As the Natural History Museum (Natural History Museum ) was opened on 18 April 1881 Easter Monday, it was a part of the British Museum and was the official term British Museum (Natural History ). Some of the exhibits come from famous 18th century collections. The natural history collection of the famous physicist and oddities collector Sir Hans Sloane forms the basis of the museum. Sloane bequeathed his extensive collection in 1753 of the British nation.

Originally, the original collection of Sloane part of the British Museum (British Museum ), in which even today, especially in the rooms of the exhibition to the Age of Enlightenment in the 18th century ( Enlightenment Galleries ), individual pieces can be seen from Sloane's collection. As the British Museum next to the collection of Sloane couple of other important natural history collections were bequeathed to one thought of its own premises. To mention by name here is the collection that brought the botanist Joseph Banks 1768-1771 from his trip with Captain James Cook on the HMS Endeavour.
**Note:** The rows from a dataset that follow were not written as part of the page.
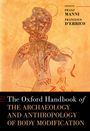 : The Oxford Handbook of the Archaeology and Anthropology of Body Modification, Buch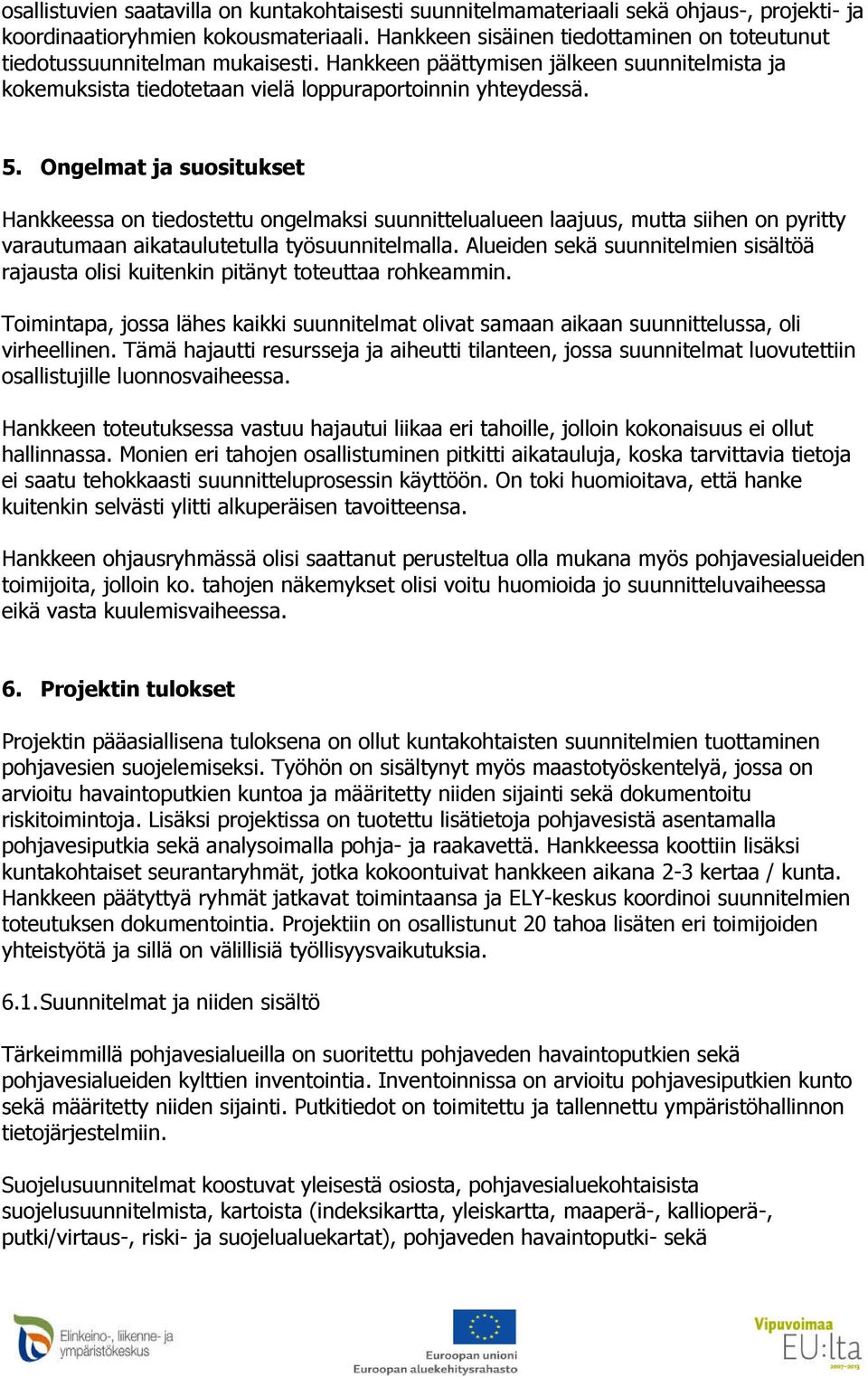 Ongelmat ja suositukset Hankkeessa on tiedostettu ongelmaksi suunnittelualueen laajuus, mutta siihen on pyritty varautumaan aikataulutetulla työsuunnitelmalla.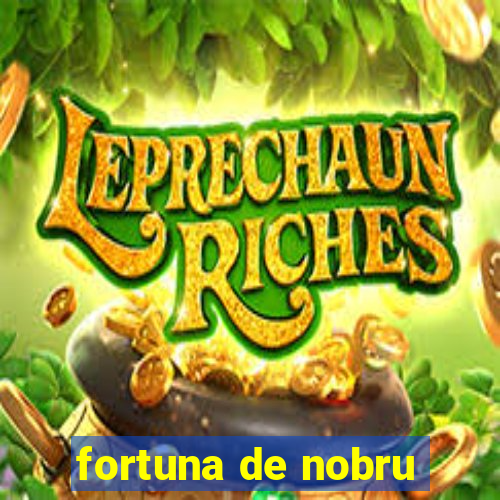 fortuna de nobru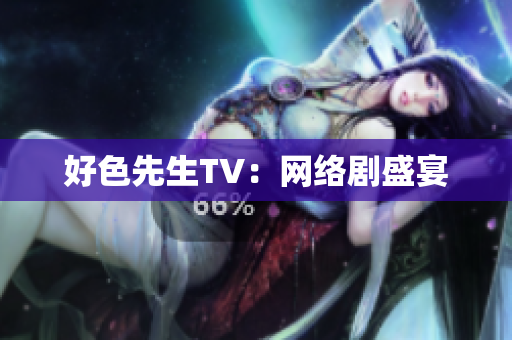 好色先生TV：网络剧盛宴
The famous zoologist and paleontologist Sir Richard Owen (1804-1892), Head of the natural history department of the British Museum, convinced the government that a new building for the collections had become necessary. He pursued an ambitious plan to show the various species in related groups and exhibit typical representatives with specific characteristics.

The architectural competition was won by the architect Captain Francis Fowke. When he died in 1865, the contract to the young architect Alfred Waterhouse was awarded from Manchester. Waterhouse changed Fowkes design from the Renaissance style of Romanesque Revival ( inspired by the cathedrals of the German Romanesque ) and created the Waterhouse building in its present form. 1883 was the mineralogy and the natural history collections at its present location. Only in 1963 were the collections of the official status as an independent museum. 1988, a connection to the Geological Museum was created and united the two museums.

Research

More than 300 scientists from the NHM (Natural History Museum ) are also now searching still active and take - often associated with international and interdisciplinary projects - in major expeditions. It is about the expansion of the collections, the description and classification of new species, but also to the study of global problems such as environmental pollution, conservation of biodiversity and ecosystems. Also in the field of marine research, the scientists of the museum are active. Became internationally known, among others, Chris Stringer, a leading representative of the so-called out-of -Africa theory for the evolutionary history of modern humans ( Homo sapiens).